The Tuesday Ohio municipal election is fast approaching and those registered to vote in Columbus have a variety of candidates to choose from in the race for both city council and mayor.
To me, being able to vote is not only a right but also a privilege. I believe this to be true because I was the first in my family to vote. Voting should not be taken for granted and is also one of the most fundamental ways one can make a difference. I encourage students of all majors and interests to involve themselves in learning about the issues facing our country, state and city and go out and vote when they can. I stress the importance that Ohio State students registered in Columbus play in the Ohio municipal elections for many reasons.
OSU is the largest university in Columbus. Our school brings students here, not just from around Ohio but also from across the country and around the world. So many Buckeyes pursue jobs and internships throughout the city of Columbus and continue to do so after graduation. We play a bigger role in this city than we realize, and because of this I believe that students should have a voice.
After reading about the candidates running for city council and learning about what they hope to accomplish, there are some key candidates that stand out to me. The first is Elizabeth Brown, whose vision is to build strong neighborhoods, create more jobs and fight poverty. If she is anything like her father, Ohio’s own Senator Sherrod Brown, then I believe that Columbus will be in good hands. It surprised me to learn that although she had a baby last week, she continues to attend events to meet voters. To me, this without a doubt shows her dedication. Having a baby and running for office at the same time is not easy, but Brown is doing a phenomenal job so far.
Her track record for service in Columbus also impressed me. Throughout the community, she has helped individuals of all ages. As a member of the City Year AmeriCorps program, she mentored middle school students to improve literacy and created various learning projects in public schools. Brown also serves on the board of a mental health treatment center, The Center for Balanced Living, which focuses on eating disorders. Mental health is one of the major issues facing Ohio today, and it shows a lot that a candidate cares so much about this topic. While manager of Downtown Economic Development, she also helped create jobs while encouraging new companies to come to Columbus.

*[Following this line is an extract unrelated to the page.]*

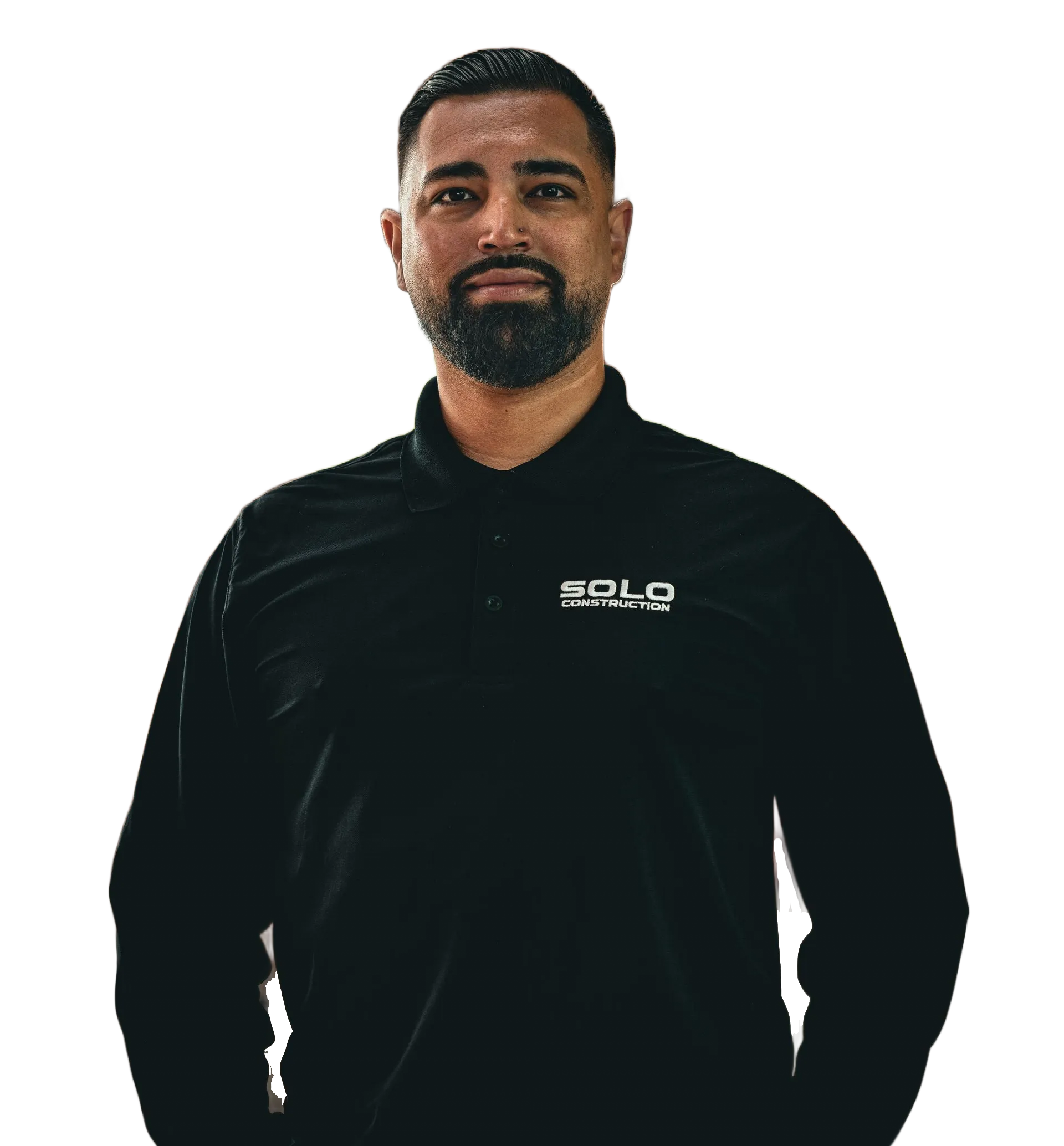 Man in black jacket standing against a white background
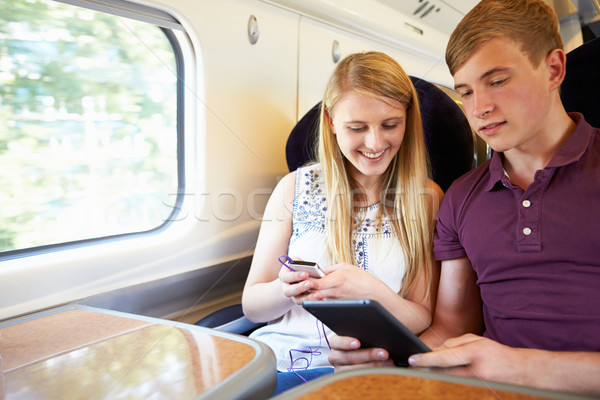 Fiatal pér olvas könyv vonat utazás férfi Stock fotó © monkey_business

A dedicated public servant who is passionate about our city, Brown would be an excellent candidate to vote for on Tuesday.
Voters should also look into Michael Stinziano, an advocate for students who is running for city council as well. Stinziano currently represents OSU and other college campuses in the Ohio House of Representatives. He has sponsored legislation that would remove the sales tax from textbooks, increasing affordability for students. Stinziano also introduced the bill that allowed student trustees to have full voting rights at OSU and other public universities in Ohio. He supports the student voice and is aware of the issues that face us today. In addition, his vision includes combating crime in Columbus and creating safer neighborhoods for all of us to live in. If he is elected to city council, I know he would continue to advocate for us and make sure our concerns are heard.
In the election for mayor of Columbus, Andrew Ginther has gained large support and stands as the leading candidate. I attended a young professionals event downtown last week where I had a chance to not only hear him speak about his visions for Columbus but also shake his hand and chat with him afterwards.
I learned that, as president of Columbus city council, Ginther worked with current Mayor Michael Coleman to not only retain thousands of jobs in Columbus but create new ones as well. He has also invested in early childhood education, fought to end childhood hunger and worked to reduce infant mortality.
One of Ginther’s major policy points that caught my attention included hiring more police and firefighters. He has been implementing important strategies to prevent crime through programs such as the Community Crime Patrol and the Columbus Police Summer Strike Force. Ginther’s safety efforts might not only impact citizens of Columbus but also OSU students who live in the off campus area. As a victim of an off-campus crime, safety is one of my biggest concerns, and it means a lot to me that a candidate is passionate about building a safer Columbus.
Although these are just my opinions, I hope students can form their own. I encourage others to research the variety of candidates running, as well as the many issues to vote on in the election. OSU plays an immense role in Columbus and Buckeyes should definitely go out and make a difference this Tuesday.